04.04.2022 | 09:35 Home / News /
#EBRD #Ukraine #Armenia
The war in Ukraine will have a severe effect on economies far beyond the immediate area of the conflict, according to new research from the European Bank for Reconstruction and Development (EBRD).

In its first economic forecast since the war began, the EBRD has cut its growth forecast for 2022 for the regions where it operates by more than half - to 1.7 per cent, down by 2.5 per cent on its previous forecast. It forecasts sturdier growth across its regions of 5 per cent in 2023.

Describing the effects of the war as “the greatest supply shock since at least the early 1970s”, the Bank predicts that the increased cost for commodities such as food, oil, gas and metals will have a profound impact on economies, particularly those in lower income countries. Russia and Ukraine supply a disproportionately high share of commodities, including wheat, corn, fertiliser, titanium and nickel.

The new forecasts are based on a series of assumptions about events in the coming months, and therefore have a high degree of uncertainty. Nevertheless, it is clear that many economies will be severely hit and that some will suffer more than others.

For example, the EBRD expects Ukraine’s GDP to fall by 20 per cent this year and Russia’s by 10 per cent. Ukraine’s GDP had been forecast to grow by 3.5 per cent this year, and Russia’s by 3 per cent.

In Armenia, the bank forecasts GDP growth by 1.5% in 2022, and by 4% in 2023.

According to the report, Armenia and Georgia have high export shares to Russia (25-30 per cent), which would likely be affected by the expected downturn of the sanctioned Russian economy. Armenia might also be hurt by a fall in remittances from Russia. Increasing arrivals of Russians who seek refuge in Armenia and Georgia might compensate this to some extent.

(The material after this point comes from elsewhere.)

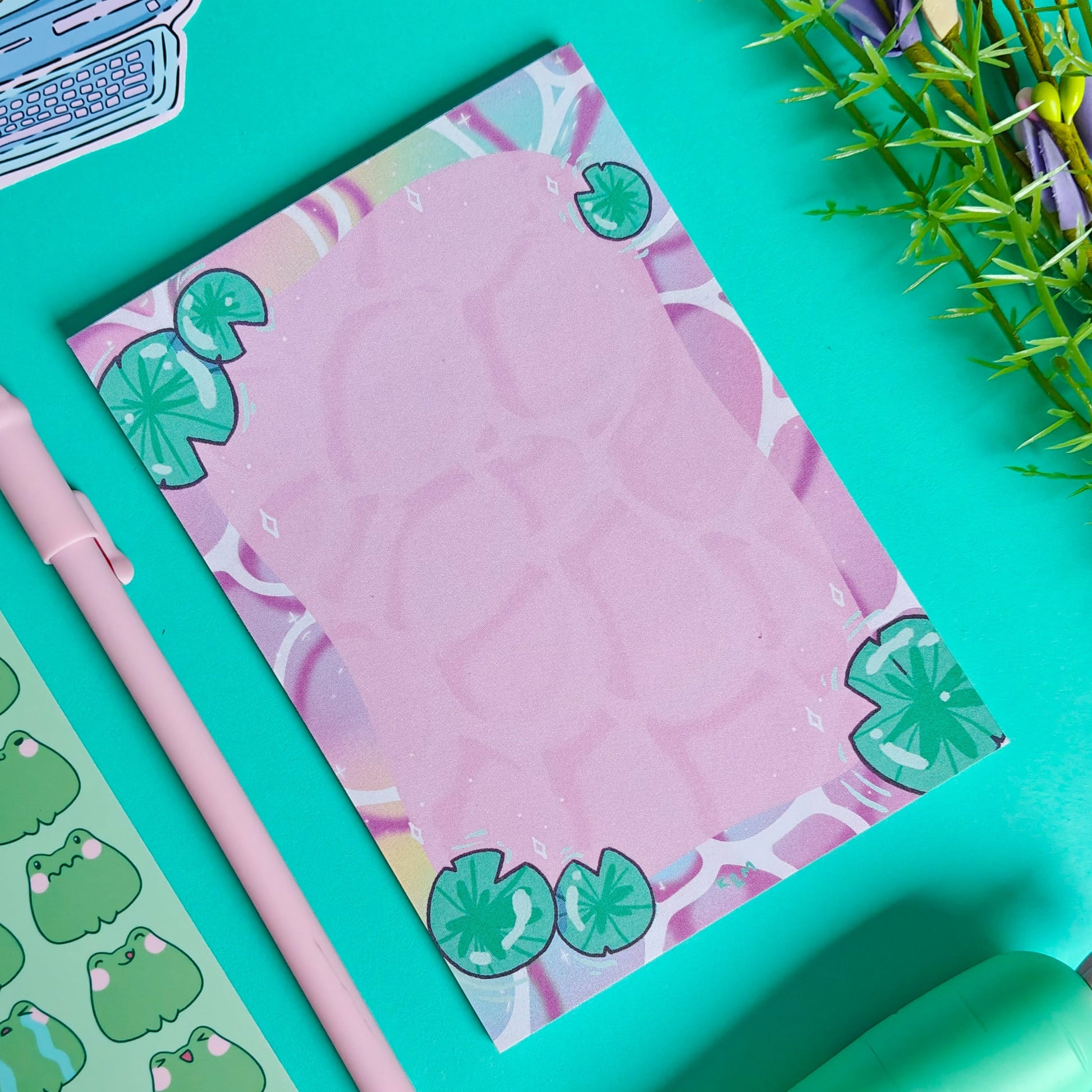 Notebook with green leaf design, pink pen, and green stickers on a teal background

And tourism is expected to take a hit in many countries including Armenia, Estonia, Georgia and Montenegro.



The EBRD has not been doing new business in Russia since 2014, and announced that it had closed its offices in Moscow as well as in Minsk. The bank has announced an initial €2 billion resilience package to support its economy and its affected neighbors.

Beata Javorcik, Chief Economist of the EBRD, stated that “the war on Ukraine has been having a profound impact on the economies in the EBRD regions as well as globally. Inflationary pressures were already exceptionally high and it seems certain they will now be worse, which will have a disproportionate affect on many of the lower income countries where we work.”

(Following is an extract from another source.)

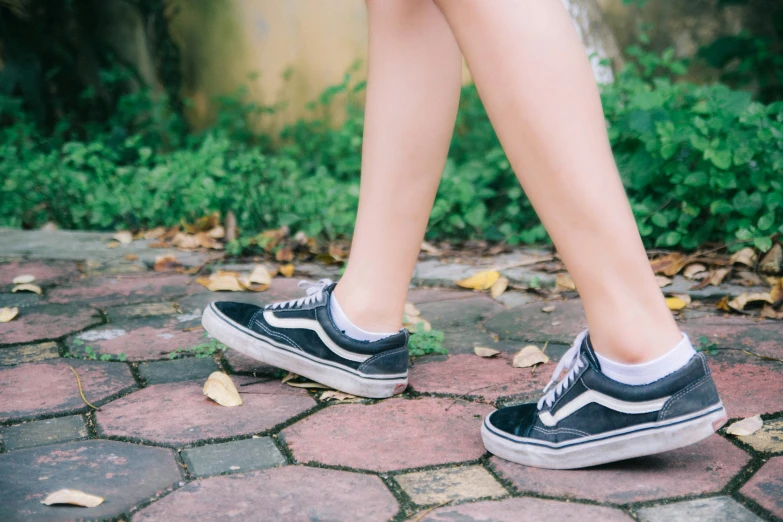 the feet of a young woman wearing shoes while walking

Europe has also seen the greatest force displacement of people since the Second World War, and the report examines the potential consequences of this migration.

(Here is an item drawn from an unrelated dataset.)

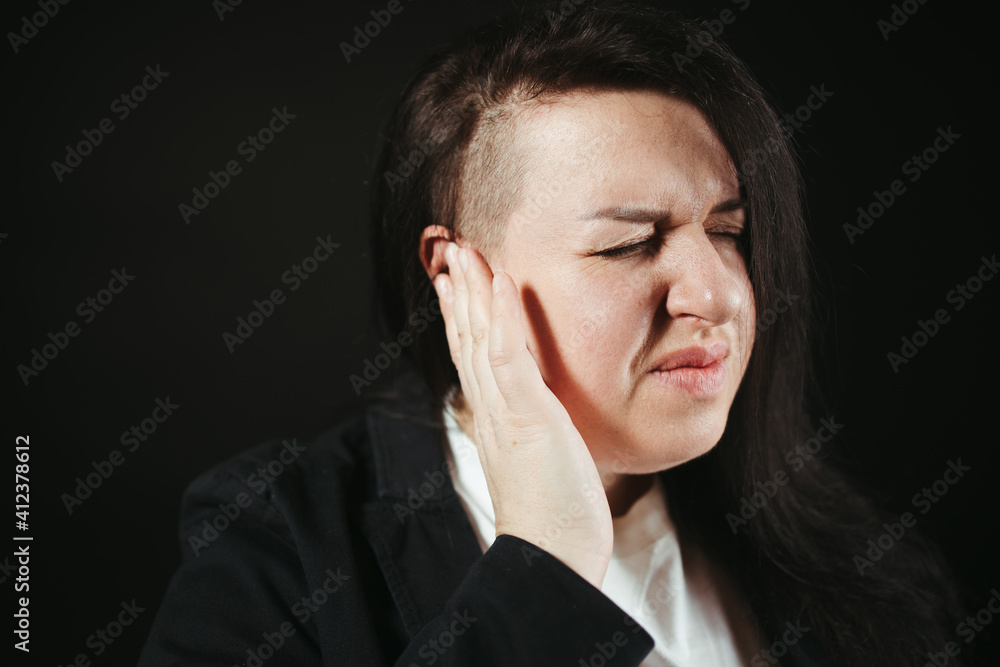 Girl with earache is holding aching ear Girl with earache is holding aching ear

A number of countries have also announced higher targets for military spending since Russia’s invasion of Ukraine.

The EBRD forecasts assume that a ceasefire is brokered within a couple of months, followed soon after by the start of a major reconstruction effort in Ukraine which will bring GDP by end-2023 back close to, but still below, pre-war levels.

With so much uncertainty, the Bank intends to produce a further forecast in the next couple of months.